= Chhatreshwori Rural Municipality =

Rural municipality in Karnali Province, Nepal

Chhatreshwori (छत्रेश्‍वरी गाउँपालिका) is a rural municipality located in Salyan District of Karnali Province of Nepal.

==Demographics==
At the time of the 2011 Nepal census, Chhatreshwori Rural Municipality had a population of 21,452. Of these, 98.9% spoke Nepali, 0.5% Magar, 0.3% Urdu, 0.1% Sign language and 0.1% other languages as their first language.

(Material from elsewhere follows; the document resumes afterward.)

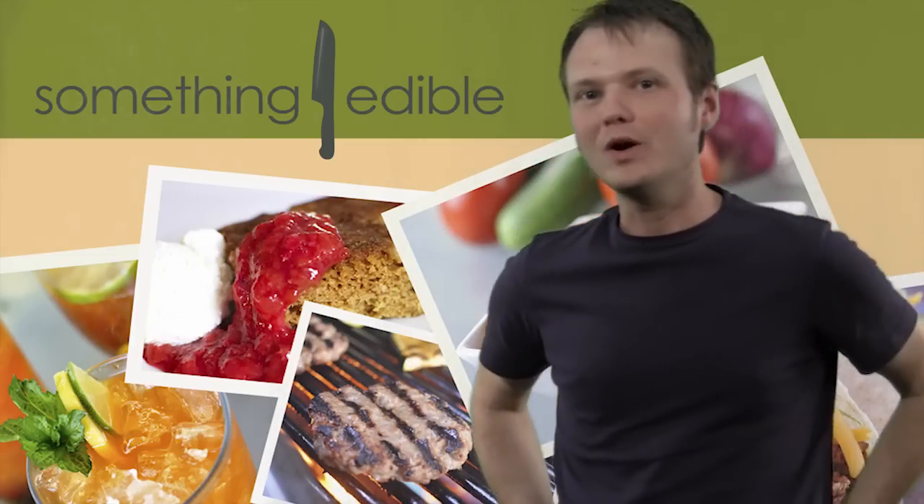Hi, I'm Bo Dealey, and welcome to Something Edible. Ours is a house that loves puppy chow. The guys that make the rice cereal call it Muddy Buddies, but in my house it's called puppy chow. You're talking chocolate, you're talking peanut butter, covered in powdered sugar. It's an awesome snack and it doesn't sit very long at my house. We make a lot of it — I bet I make it every couple of weeks or so.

In terms of ethnicity/caste, 52.1% were Chhetri, 15.0% Magar, 12.1% Kami, 5.7% Thakuri, 4.3% Hill Brahmin, 4.3% Sarki, 3.8% Sanyasi/Dasnami, 1.8% Damai/Dholi, 0.4% Musalman, 0.3% Newar, 0.2% Badi, 0.1% Tharu and 0.1% others.

In terms of religion, 97.7% were Hindu, 0.9% Buddhist, 0.8% Christian, 0.4% Muslim and 0.2% others.

In terms of literacy, 67.8% could read and write, 2.2% could only read and 29.9% could neither read nor write.